Question

I thinks it's easier to explain it with a simple example. (help rephrasing the title is welcome ;-)

I'd like to implement a squared method and, using implicit def, automatically add it to any class that supports the *-operator.

With an Int it's very easy:

class EnhancedInt(x: Int) { def squared = x * x }

implicit def IntToEnchancedInt(x: Int) = new EnhancedInt(x)

But with Any or AnyVal I get the following error:

scala> class EnhanceAny(x: AnyVal) { def squared = x * x }
<console>:7: error: value * is not a member of AnyVal
       class EnhanceAny(x: AnyVal) { def squared = x * x }

I'd like to know how I could apply it to any numeric class, or, even better, to any class supporting the *-operator.

Was it helpful?

Solution

It's not possible to have solution that works on any type with a * method without writing a boilerplate conversion for each type you want to deal with. Essentially to do that you would need a recursive structural type, and Scala does not support those because of JVM type erasure. See this post for more details.
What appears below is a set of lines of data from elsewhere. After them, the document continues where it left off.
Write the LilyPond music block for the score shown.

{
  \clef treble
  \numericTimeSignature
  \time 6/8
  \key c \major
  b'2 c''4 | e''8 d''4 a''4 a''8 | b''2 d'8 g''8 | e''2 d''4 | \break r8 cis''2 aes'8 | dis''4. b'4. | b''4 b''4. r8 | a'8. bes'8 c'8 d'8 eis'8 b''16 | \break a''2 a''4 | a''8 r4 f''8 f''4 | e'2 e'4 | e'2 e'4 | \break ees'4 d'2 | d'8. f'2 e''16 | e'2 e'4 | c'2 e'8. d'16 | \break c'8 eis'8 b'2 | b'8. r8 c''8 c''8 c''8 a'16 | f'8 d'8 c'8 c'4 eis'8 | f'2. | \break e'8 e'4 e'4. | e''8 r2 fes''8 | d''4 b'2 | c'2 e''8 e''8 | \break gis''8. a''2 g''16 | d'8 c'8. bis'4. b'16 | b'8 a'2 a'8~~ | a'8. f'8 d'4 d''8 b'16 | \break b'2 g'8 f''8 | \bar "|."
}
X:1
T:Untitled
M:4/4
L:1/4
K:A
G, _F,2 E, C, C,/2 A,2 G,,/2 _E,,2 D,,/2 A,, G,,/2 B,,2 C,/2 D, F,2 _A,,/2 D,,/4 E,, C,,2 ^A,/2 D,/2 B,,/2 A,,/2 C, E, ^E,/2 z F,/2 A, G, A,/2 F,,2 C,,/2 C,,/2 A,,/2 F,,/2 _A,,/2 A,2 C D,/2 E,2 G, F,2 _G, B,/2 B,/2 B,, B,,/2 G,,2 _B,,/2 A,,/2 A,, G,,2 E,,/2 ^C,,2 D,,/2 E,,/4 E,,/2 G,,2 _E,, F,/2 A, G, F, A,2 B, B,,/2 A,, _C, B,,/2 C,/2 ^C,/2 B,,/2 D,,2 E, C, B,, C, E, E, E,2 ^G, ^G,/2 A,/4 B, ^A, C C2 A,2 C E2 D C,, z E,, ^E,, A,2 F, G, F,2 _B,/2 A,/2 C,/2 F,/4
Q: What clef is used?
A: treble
You can get fairly close to what you want using a type class along with the Numeric type class, (inspired by the answers to this and this question). This will work with most primitives:

//define the type class
trait Multipliable[X] { def *(x: X): X}

//define an implicit from A <% Numeric[A] -> Multipliable[Numeric[A]]
implicit def Numeric2Mult[A](a: A)(implicit num: Numeric[A]): Multipliable[A] = new Multipliable[A]{def *(b: A) = num.times(a, b)}

//now define your Enhanced class using the type class
class EnhancedMultipliable[T <% Multipliable[T]](x: T){ def squared = x * x}

//lastly define the conversion to the enhanced class
implicit def Mult2EnhancedMult[T <% Multipliable[T]](x: T) = new EnhancedMultipliable[T](x)

3.squared
//Int = 9

3.1415F.squared
//Float = 9.869022

123456789L.squared
//Long = 15241578750190521

OTHER TIPS

Think about it. Multiplication have different properties on different objects. Integer multiplication, for example, is associative and commutative, scalar multiplication is not commutative. And multiplication on floating point numbers... But, of course, you can have what you want with trait or with "trait and implicit" construction which resembles a typeclass.